DATASET:
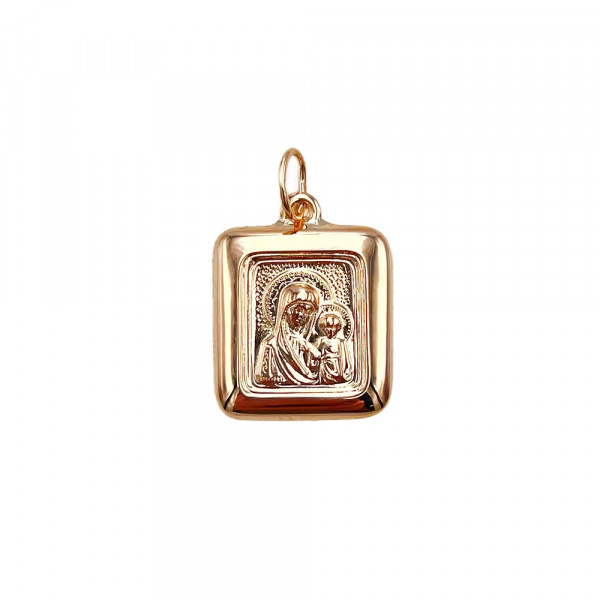 Золота ладанка у червоному кольорі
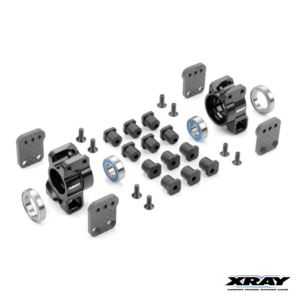 Xray XB8 Alu Rear Uprights Multi-Adjustable Set #350912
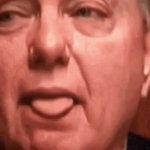 Lindsey Graham lick tongue goofy meme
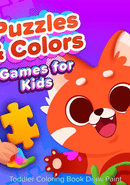 Puzzles & Colors: Games for Kids - Toddler Coloring Book Draw Paint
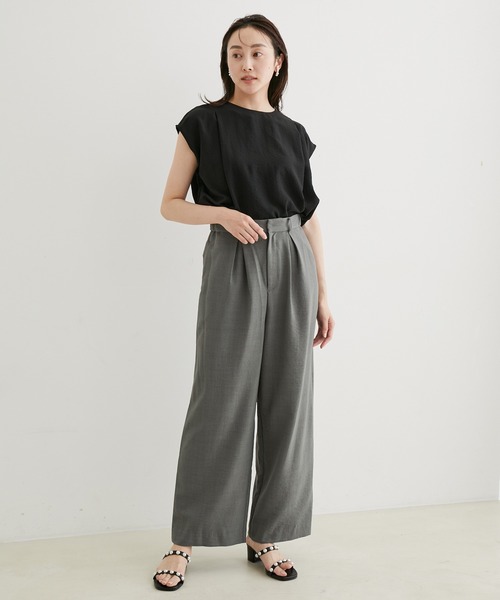le cercle ADAM ET ROPE'(ルセルクルアダムエロペ)の「【セットアップ対応】リネンライクワイドパンツ(その他パンツ・レディース・ベージュ系その他/ピンク系その他/チャコールグレー・S/M)」の19枚目の写真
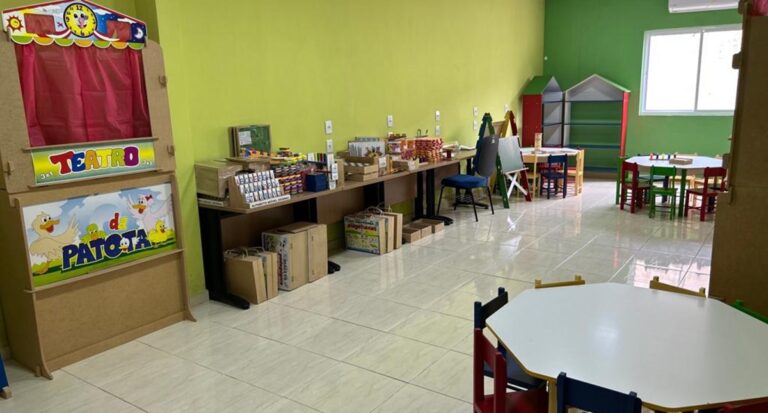 Brinquedoteca é instalada na Biblioteca Estadual Dr. José Pontes Pintos, em Porto Velho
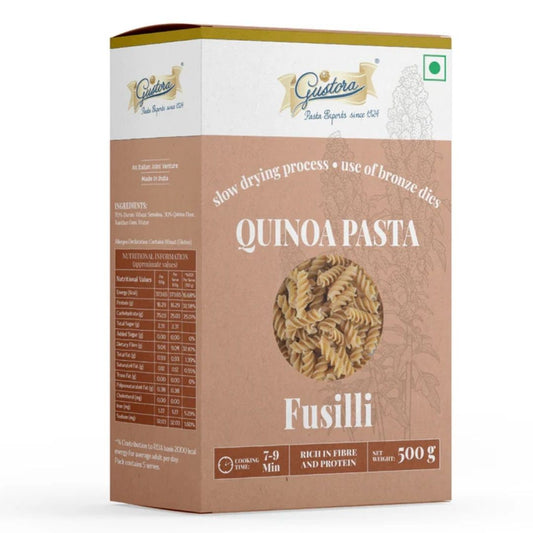 Quinoa Fusilli Pasta Gustora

INSTRUCTIONS FOR THE TASK: If a line falls between the one containing "Puzzles & Colors: Games" and the last line of the records above, inclusive, restate it exactly; leave out the pictures and everything else.

RESPONSE TO THIS TASK:
 Puzzles & Colors: Games for Kids - Toddler Coloring Book Draw Paint
le cercle ADAM ET ROPE'(ルセルクルアダムエロペ)の「【セットアップ対応】リネンライクワイドパンツ(その他パンツ・レディース・ベージュ系その他/ピンク系その他/チャコールグレー・S/M)」の19枚目の写真
 Brinquedoteca é instalada na Biblioteca Estadual Dr. José Pontes Pintos, em Porto Velho
 Quinoa Fusilli Pasta Gustora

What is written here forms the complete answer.